The military has plenty of reasons these days for wanting a stable China, not least their own sprawling business and commercial empire, which encompasses everything from Baskin-Robbins ice cream, five- star hotels and futures trading to civilian nuclear technology, and more.
More than 10,000 enterprises in China are owned or linked to the People's Liberation Army (PLA), and the men in green have a huge financial stake in continued economic reform and political stability. Around 70 per cent of the military's industrial output is now civilian products, and the PLA knows any overt power struggle in the upper echelons of the party, or a lack of consensus about reform, would be bad for business.

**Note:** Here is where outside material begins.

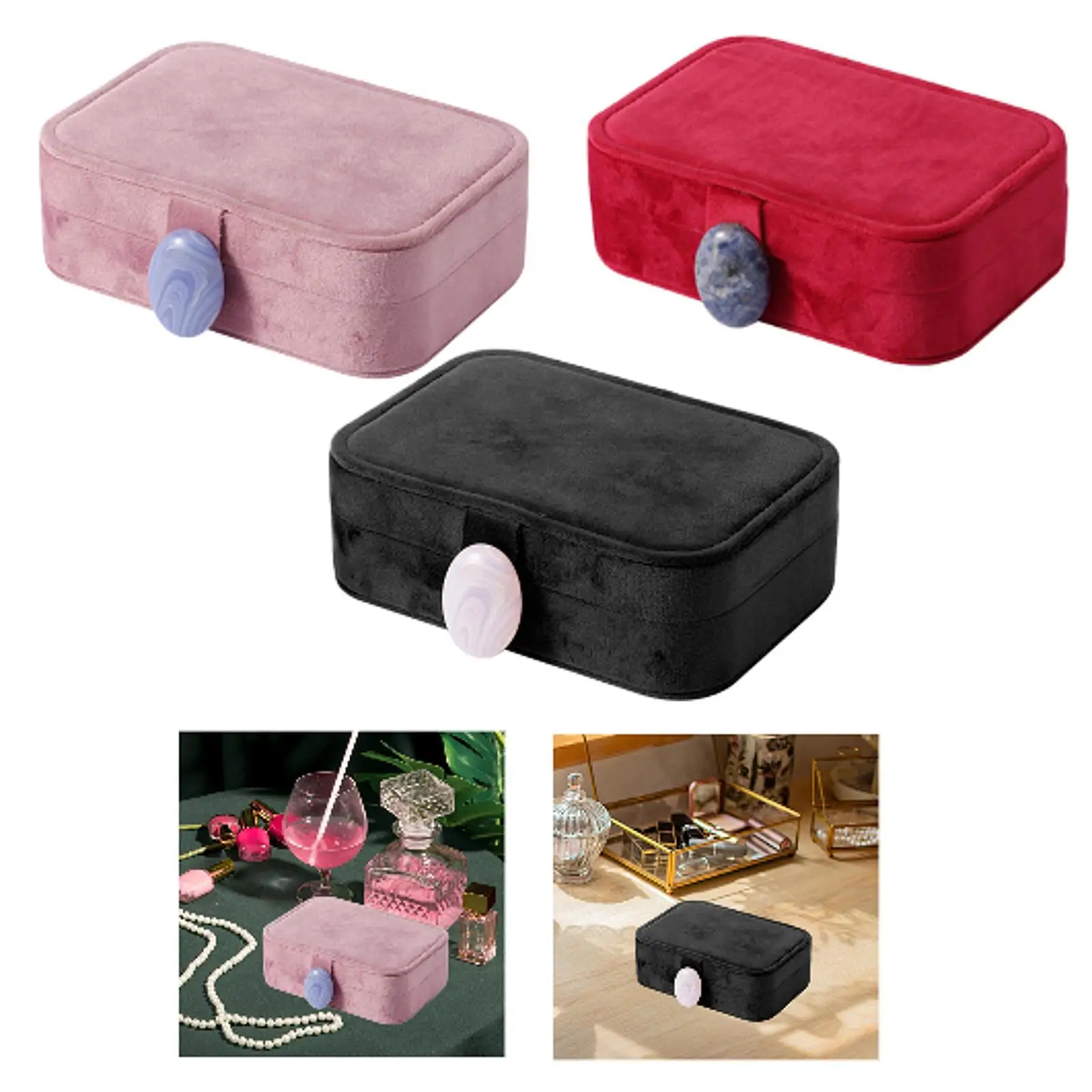 

Jewelry Box with Mirror Showcase Jewelry Case for Bracelet Earring Wedding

All of which is good news for Mr Jiang, the Chinese President and Communist Party leader, who has since 1990 been head of the armed forces, and who hopes to be China's new paramount leader, following the death of Deng Xiaoping last week. Lacking any military credentials of his own, he knows he cannot take for granted the loyalty of the generals. Unlike Mr Deng, who was an authentic revolutionary hero and veteran of the Long March, Mr Jiang has had to work hard to build his support in the PLA. During the long years of Mr Deng's decline, Mr Jiang assiduously attended troop inspections, congratulating "model" soldiers, and chairing high-level military meetings. The President has also promoted his own chosen generals, including all seven military region commanders.

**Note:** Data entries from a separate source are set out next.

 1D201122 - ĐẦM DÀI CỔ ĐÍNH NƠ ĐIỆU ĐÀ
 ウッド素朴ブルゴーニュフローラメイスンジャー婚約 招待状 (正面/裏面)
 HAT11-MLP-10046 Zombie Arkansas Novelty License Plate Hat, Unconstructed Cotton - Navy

"The army will be one of the principal decision-makers in any argument about who is in charge," a Western military attache in Peking said. "Whatever leadership comes [after Deng] must at least have the acquiescence of the PLA. They will not dictate, but they will say: `We'll have influence at the highest levels. So help us modernise, increase our defence budget, listen to our advice.' And they will be listened to."

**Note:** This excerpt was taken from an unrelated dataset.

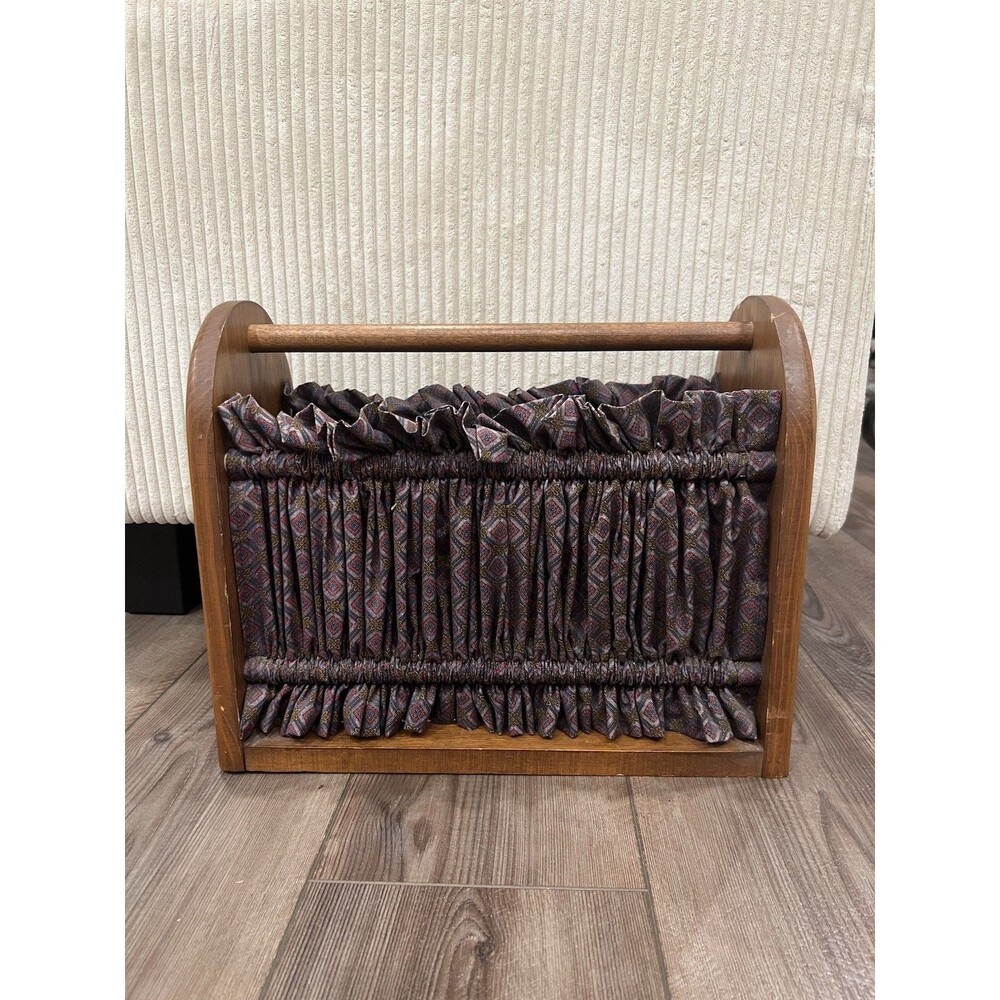 Vintage Magazine Newspaper Rack Sewing Holder Fabric Solid Wood 15”x12”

In a statement released at the weekend, the military pledged their support for Mr Jiang, who since 1993 has held all three top state, party and army positions. The leaders of the 3 million-strong People's Liberation Army "vowed to obey the leadership of the Communist Party Central Committee and the Central Military Commission (CMC) in a steadfast way and to ensure the army's unity," the official Xinhua news agency announced.
Mr Jiang must hope they mean what they say. In late 1992, Mr Deng moved swiftly against the "Yang family clique" in the PLA for allegedly plotting with other army leaders for the aftermath of his death. Yang Shangkun lost his job as president, and his half-brother Yang Baibing was removed from the CMC. Personnel changes swept through the armed forces, with professional soldiers and military technocrats promoted in favour of anyone with political ambitions. But Mr Yang, 89, a former Red Army revolutionary, is still fit, and popular with the top brass, and may emerge as one of the back- room power-brokers in any jockeying for position.
In Chinese political life, the identities of the party and the military still overlap at all levels. To keep defence chiefs contented, the younger generation of Chinese leaders has presided over a doubling in real terms of the official defence budget during the past seven years, despite no obvious external threats. The most visible demonstration of generals' impact on policy was seen last year, when China held big missile and military manoeuvres in the Taiwan Strait in the run-up to the island's presidential elections. Mr Jiang was forced to give in to the hawks after the military top brass had accused him of being too soft-handed.